What I found amusing was the denuseri had the EXACT same thought that I had, to the exact words! While I can understand, sometimes, the need to kill to defend one's country/family, I don't find any kind of killing to be funny, regardless of who's doing it.
But the statement is nonetheless true, for the most part. Whether a group is termed Terrorist or Freedom Fighter can all-too-often depend on who's doing the naming. During WW2, the French Underground were considered patriots by the French, but criminals by the Germans. The American's who rebelled against England were, for the most part, considered criminals and even terrorists (though I doubt they used that term) by the British troops and the Loyalist civilians. Especially those "irregular" units that used guerrilla tactics, such as Francis Marion's group. Even those as nasty as the IRA and al-Qaeda are considered heroes by at least some of their own people.

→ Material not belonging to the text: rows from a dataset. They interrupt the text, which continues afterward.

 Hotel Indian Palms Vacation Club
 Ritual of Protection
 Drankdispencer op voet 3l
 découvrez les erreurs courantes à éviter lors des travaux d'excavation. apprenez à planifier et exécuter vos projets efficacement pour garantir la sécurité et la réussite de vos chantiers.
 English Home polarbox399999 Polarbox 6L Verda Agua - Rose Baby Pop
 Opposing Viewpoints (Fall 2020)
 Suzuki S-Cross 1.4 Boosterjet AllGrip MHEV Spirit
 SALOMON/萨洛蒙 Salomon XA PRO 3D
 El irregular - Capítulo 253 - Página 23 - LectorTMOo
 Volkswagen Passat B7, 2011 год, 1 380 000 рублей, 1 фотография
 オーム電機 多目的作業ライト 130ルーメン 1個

For my part, when you start deliberately targeting civilians rather than military or infrastructure, you are crossing the line into terrorism. But even that line is blurred. Were the men who bombed German (or English) cities in WW2 acting as military units or as terrorists? When bombing factories, for example, there's little to question. But what about the firebombings of Dresden and Tokyo, for example? Where they actually aiming at military targets, or terrorizing civilians?
Again, it's all a question of who's doing the defining.